Brenthia leptocosma

Scientific classification
- Kingdom: Animalia
- Phylum: Arthropoda
- Class: Insecta
- Order: Lepidoptera
- Family: Choreutidae
- Genus: Brenthia
- Species: B. leptocosma
- Binomial name: Brenthia leptocosma Meyrick, 1916

= Brenthia leptocosma =

- Authority: Meyrick, 1916

Species of moth

Brenthia leptocosma is a species of moth of the family Choreutidae. It is found on Mauritius and Réunion in the Indian Ocean.

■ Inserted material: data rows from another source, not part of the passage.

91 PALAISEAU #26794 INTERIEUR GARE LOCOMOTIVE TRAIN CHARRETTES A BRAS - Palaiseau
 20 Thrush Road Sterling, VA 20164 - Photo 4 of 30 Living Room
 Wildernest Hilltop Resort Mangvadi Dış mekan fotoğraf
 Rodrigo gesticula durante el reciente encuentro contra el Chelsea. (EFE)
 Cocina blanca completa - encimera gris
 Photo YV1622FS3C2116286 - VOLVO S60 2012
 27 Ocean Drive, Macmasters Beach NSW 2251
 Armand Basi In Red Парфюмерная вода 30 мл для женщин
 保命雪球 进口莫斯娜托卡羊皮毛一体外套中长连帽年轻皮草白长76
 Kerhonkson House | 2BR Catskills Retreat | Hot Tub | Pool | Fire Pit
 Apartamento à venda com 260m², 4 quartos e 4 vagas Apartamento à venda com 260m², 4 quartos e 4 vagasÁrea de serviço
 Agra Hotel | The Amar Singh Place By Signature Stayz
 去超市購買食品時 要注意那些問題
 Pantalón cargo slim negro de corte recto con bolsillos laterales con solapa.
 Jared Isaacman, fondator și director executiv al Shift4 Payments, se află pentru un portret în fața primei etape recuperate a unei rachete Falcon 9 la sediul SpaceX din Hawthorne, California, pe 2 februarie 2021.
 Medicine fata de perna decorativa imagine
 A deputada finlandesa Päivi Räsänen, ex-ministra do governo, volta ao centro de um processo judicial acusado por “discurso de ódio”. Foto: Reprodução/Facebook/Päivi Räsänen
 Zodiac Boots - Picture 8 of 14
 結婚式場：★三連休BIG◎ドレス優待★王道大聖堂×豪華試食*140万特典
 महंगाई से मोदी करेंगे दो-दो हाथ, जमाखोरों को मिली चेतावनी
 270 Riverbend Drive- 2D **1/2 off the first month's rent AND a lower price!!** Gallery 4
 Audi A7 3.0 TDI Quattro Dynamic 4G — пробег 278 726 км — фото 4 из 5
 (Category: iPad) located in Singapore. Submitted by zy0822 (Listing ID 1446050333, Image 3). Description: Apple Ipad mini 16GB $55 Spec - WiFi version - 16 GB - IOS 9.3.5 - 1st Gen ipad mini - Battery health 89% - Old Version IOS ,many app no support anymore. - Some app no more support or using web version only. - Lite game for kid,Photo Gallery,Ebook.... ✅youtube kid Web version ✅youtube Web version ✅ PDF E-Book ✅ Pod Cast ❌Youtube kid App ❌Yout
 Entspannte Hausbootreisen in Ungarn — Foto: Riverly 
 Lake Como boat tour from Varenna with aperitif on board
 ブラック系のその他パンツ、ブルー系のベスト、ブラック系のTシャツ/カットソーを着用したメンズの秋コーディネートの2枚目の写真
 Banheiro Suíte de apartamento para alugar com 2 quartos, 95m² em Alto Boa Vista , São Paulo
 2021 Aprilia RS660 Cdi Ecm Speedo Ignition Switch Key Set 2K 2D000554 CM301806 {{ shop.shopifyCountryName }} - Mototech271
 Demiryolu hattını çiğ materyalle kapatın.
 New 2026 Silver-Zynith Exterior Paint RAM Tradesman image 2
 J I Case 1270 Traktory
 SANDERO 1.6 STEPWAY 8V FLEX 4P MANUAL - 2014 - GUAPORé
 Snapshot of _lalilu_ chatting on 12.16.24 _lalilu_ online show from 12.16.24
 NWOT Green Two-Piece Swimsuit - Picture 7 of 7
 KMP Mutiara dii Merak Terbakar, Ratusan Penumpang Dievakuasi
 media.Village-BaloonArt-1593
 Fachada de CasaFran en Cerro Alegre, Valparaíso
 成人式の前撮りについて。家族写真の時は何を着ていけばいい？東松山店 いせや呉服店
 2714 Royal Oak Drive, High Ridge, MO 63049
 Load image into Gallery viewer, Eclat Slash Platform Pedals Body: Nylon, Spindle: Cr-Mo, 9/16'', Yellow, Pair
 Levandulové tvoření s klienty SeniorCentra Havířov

This species has a wingspan of 8–9 mm, the head is bronzy-fuscous with a white line above the eyes. The thorax is bronzy-fuscous with five fine white longitudinal lines. The abdomen is dark fuscous. Forewings are elongate-triangular, costa gently arched, dark bronzy-fuscous, irregularly irrorated (speckled) with white and white dots on costa beyond. There is a series of eight small rounded-oblong spots round apex and termen, each centered with a violet-metallic dot. The hindwings are rather dark-fuscous, with a small oblique-oval whitish spot in the middle of the disc, a fine violet-blue-metallic line just before termen from apex to below middle, followed by three or four black spots.

This species is similar to Brenthia cyanaula in markings, but the palpi are quite different and characteristic.

Host plants of this species are Boraginaceae bushes, (mainly Cordia macrostachya but also Cordia myxa, Cordia abyssinica, and Cordia holstii). but also on Ehretia cymosa and Cordia africana. None of these species are native to Mauritius, nor Réunion.